Traduction certifiée conforme

Suzanne M. Gauthier, LL.L., Trad. a.


COUR FÉDÉRALE DU CANADA

                                                  Avocats inscrits au dossier

No DU GREFFE :                                   T-550-01

INTITULÉ :                                             EDUCATIONAL TESTING SERVICE

intimé/demandeur

- et -

MAPLE LEAF INTERNATIONAL CONSULTING,

INC. et SUNDARAM (SONNY) PITCHUMANI

appelants/défendeurs

EXAMINÉ À TORONTO, CONFORMÉMENT À LA RÈGLE 369 DES RÈGLES DE LA COUR FÉDÉRALE, 1998.

MOTIFS DE L'ORDONNANCE :      LE JUGE GIBSON

DATE DES MOTIFS :              JEUDI 25 OCTOBRE 2001

CONCLUSIONS ÉCRITES DE :      A. Kelly Gill

pour l'intimé/demandeur

Sundaram Pitchumani

pour les appelants/défendeurs

AVOCATS INSCRITS AU DOSSIER :       Gowling Lafleur Henderson LLP

Avocats

Bureau 4900, Commerce Court West

Toronto (Ontario)

M5L 1J3

pour l'intimé/demandeur

Sundaram Pitchumani

1145-27, avenue St.
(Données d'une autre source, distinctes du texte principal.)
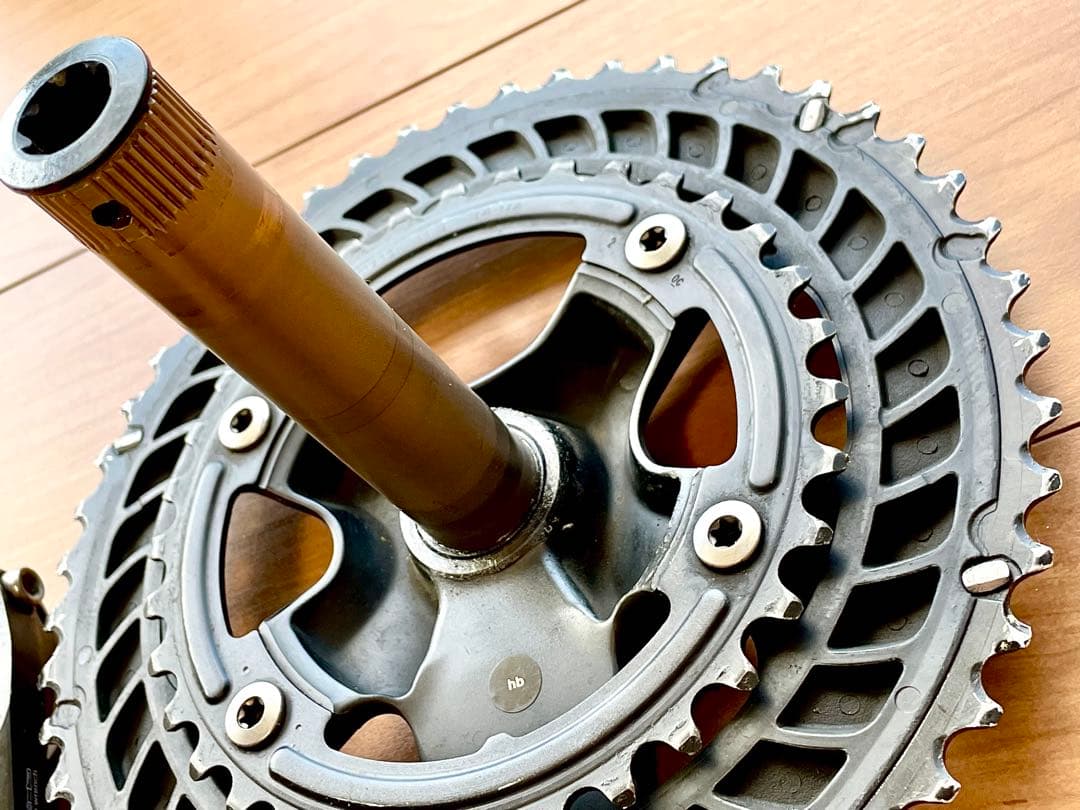 シマノ 105 クランクセット FC-5800 50/34T 172.5mm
Clair est

Toronto (Ontario)

M4T 2P4

pour les appelants/défendeurs


COUR FÉDÉRALE DU CANADA

                             Date : 20011025

                                                                                                                   Dossier : T-550-01

ENTRE :

EDUCATIONAL TESTING SERVICE

intimé/demandeur

- et -

MAPLE LEAF INTERNATIONAL CONSULTING, INC. et SUNDARAM (SONNY) PITCHUMANI

appelants/défendeurs

                                                                                    

MOTIFS DE L'ORDONNANCE

                                                                                    



[1] DORS/98-106.

[2] [1993] 2 C.F. 425 (C.A.).

[3] Voir Hunt c.Carey Canada Inc., [1990] 2 R.C.S. 959.